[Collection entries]

═══

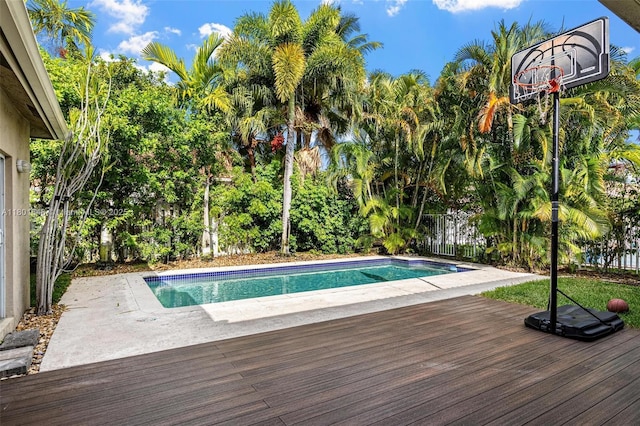 782 Lake Blvd, Weston, FL 33326 - view of swimming pool with a fenced backyard, a deck, and view of wooded area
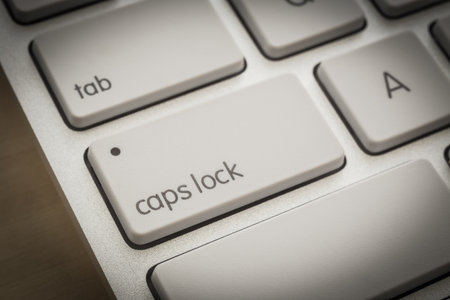 Close up caps lock button on white keyboard, wooden table on background, dark filter. Computer...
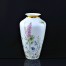Wielobarwne kwiaty polne oraz dwa cudowne motyle na porcelanowym wazonie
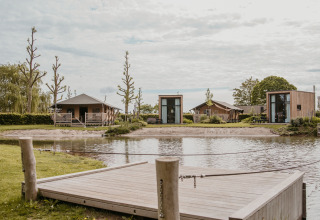 Glamping accommodation with modern cabins and tents by the lake at De Betuwse Hofjes - Ranger Lodges Gelderland.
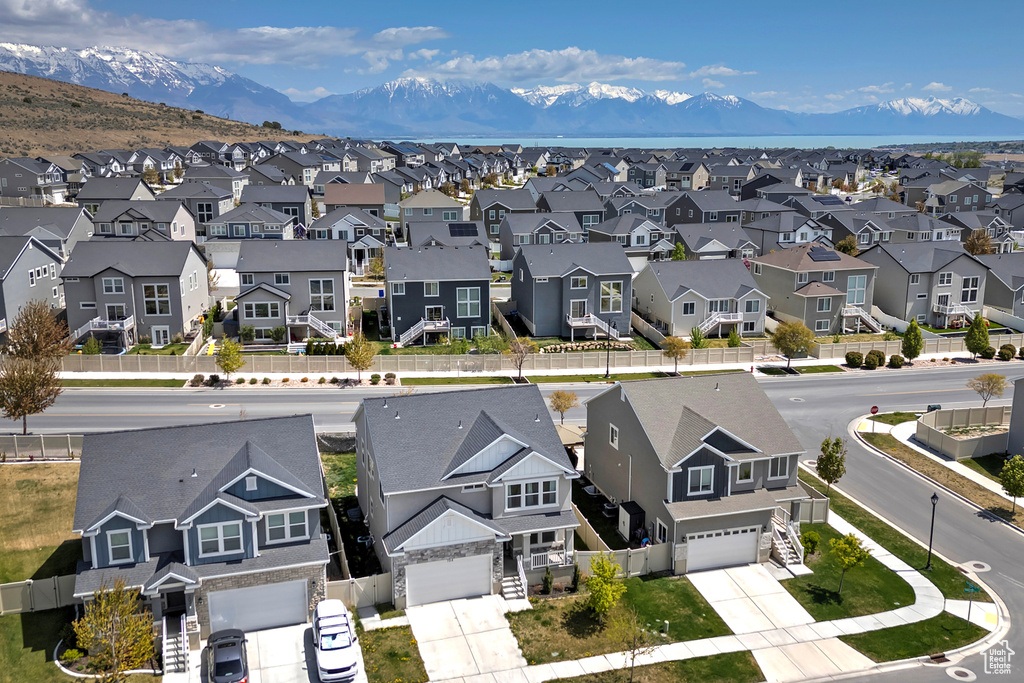 Drone / aerial view with a residential view and a mountain view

═══

What you have to do:
Each record should be copied exactly, and each image left out.

Written reply:
 782 Lake Blvd, Weston, FL 33326 - view of swimming pool with a fenced backyard, a deck, and view of wooded area
 Close up caps lock button on white keyboard, wooden table on background, dark filter. Computer...
Wielobarwne kwiaty polne oraz dwa cudowne motyle na porcelanowym wazonie
 Glamping accommodation with modern cabins and tents by the lake at De Betuwse Hofjes - Ranger Lodges Gelderland.
 Drone / aerial view with a residential view and a mountain view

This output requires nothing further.